The Danger of a Single Story - Chimamanda Ngozi Adichie
Extract from TED Talk about the power of storytelling
[1]
I'm a storyteller.
And I would like to tell you a few personal stories about what I like to call
"the danger of the single story."
I grew up on a university campus in eastern Nigeria.
My mother says that I started reading at the age of two, although I think four is probably close to the truth.
So I was an early reader, and what I read were British and American children's books.
[2]
I was also an early writer, and when I began to write, at about the age of seven, stories in pencil with crayon illustrations that my poor mother was obligated to read,
I wrote exactly the kinds of stories I was reading:
all my characters were white and blue-eyed, they played in the snow, they ate apples,
and they talked a lot about the weather, how lovely it was that the sun had come out.
[3]
Now, this despite the fact that I lived in Nigeria.

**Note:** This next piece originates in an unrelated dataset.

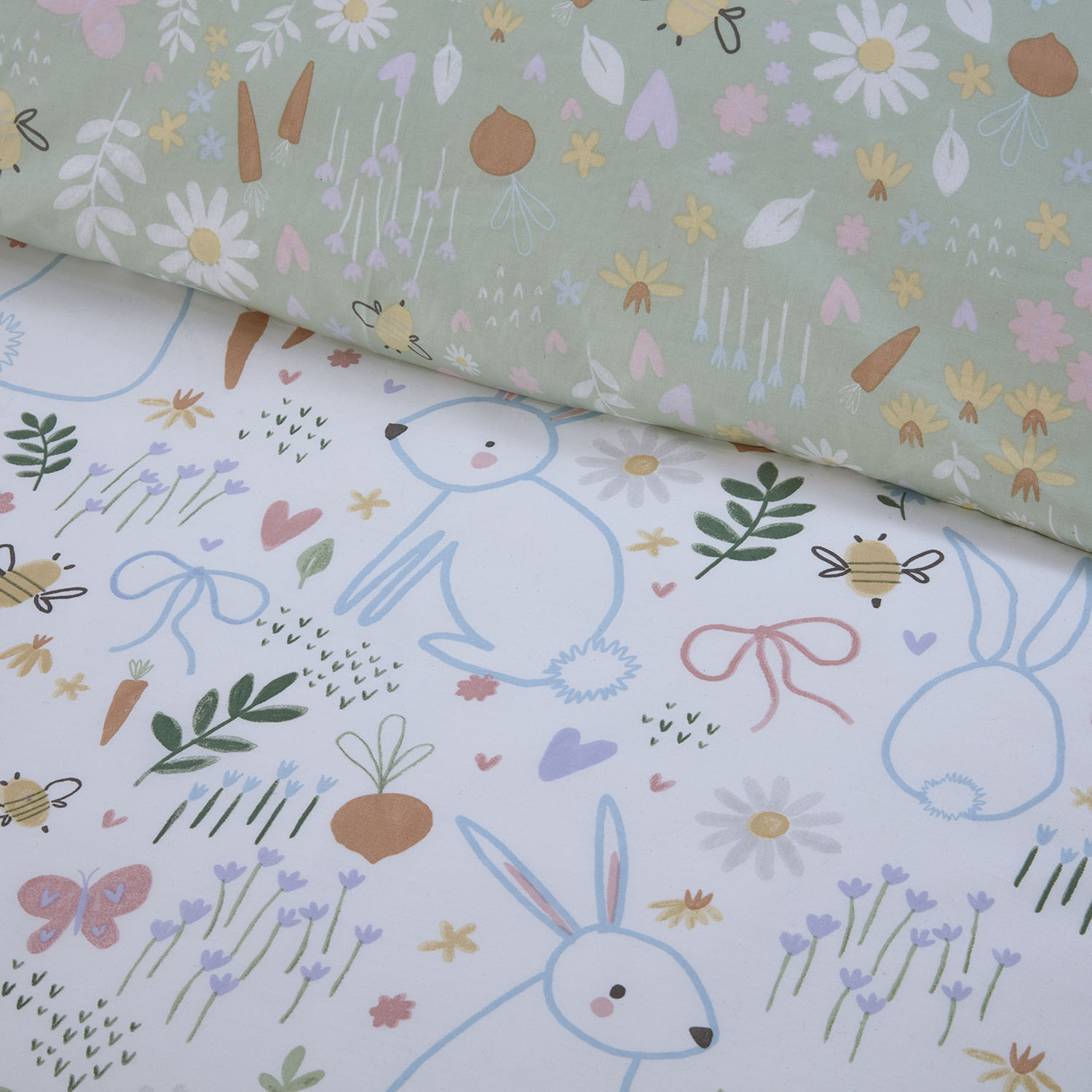 Easter Bunny Duvet Cover and Pillowcase - White Image 5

I had never been outside Nigeria. We didn't have snow, we ate mangoes,
and we never talked about the weather, because there was no need to. ...
[4]
What this demonstrates, I think, is how
1
impressionable
and vulnerable we are in the face of a story,
particularly as children.
Because all I had read were books in which characters were foreign, I had become convinced that books by their very nature had to have foreigners in them
and had to be about things with which I could not personally identify.
[5]
Now, things changed when I discovered African books.
There weren't many of them available, and they weren't quite as easy to find as the foreign books.
But because of writers like Chinua Achebe and Camara Laye,
I went through a mental shift in my perception of literature.
I realized that people like me, girls with skin the colour of chocolate, whose kinky hair could not form ponytails, could also exist in literature.
I started to write about things I recognized.
[6]
Now, I loved those American and British books I read. They stirred my imagination. They opened up new worlds for me.
But the unintended consequence was that I did not know that people like me could exist in literature.
So what the discovery of African writers did for me was this: it saved me from having a single story of what books are.
[7]
I come from a conventional, middle-class Nigerian family. My father was a professor. My mother was an administrator.
And so we had, as was the norm, live-in domestic help, who would often come from nearby rural villages.
So, the year I turned eight, we got a new house boy. His name was Fide.
The only thing my mother told us about him was that his family was very poor.
My mother sent yams and rice, and our old clothes, to his family.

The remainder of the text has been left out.